● **Data for the task**
- - -

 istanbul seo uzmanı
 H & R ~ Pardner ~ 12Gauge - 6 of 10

- - -

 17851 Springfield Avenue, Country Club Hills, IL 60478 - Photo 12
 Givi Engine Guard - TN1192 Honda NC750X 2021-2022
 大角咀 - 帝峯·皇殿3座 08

- - -

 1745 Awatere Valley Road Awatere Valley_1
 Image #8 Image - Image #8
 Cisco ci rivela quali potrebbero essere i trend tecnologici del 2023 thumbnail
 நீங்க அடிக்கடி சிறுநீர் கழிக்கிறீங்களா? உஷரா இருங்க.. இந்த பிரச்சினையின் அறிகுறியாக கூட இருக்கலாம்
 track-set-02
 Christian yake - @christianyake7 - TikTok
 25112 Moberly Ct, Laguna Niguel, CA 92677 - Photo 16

- - -

● **The problem**
Print the lines above from the one with "Givi Engine Guard" through the one with "大角咀 - 帝峯·皇殿3座 08", both included, exactly as written and nothing more.

● **Result**
 Givi Engine Guard - TN1192 Honda NC750X 2021-2022
 大角咀 - 帝峯·皇殿3座 08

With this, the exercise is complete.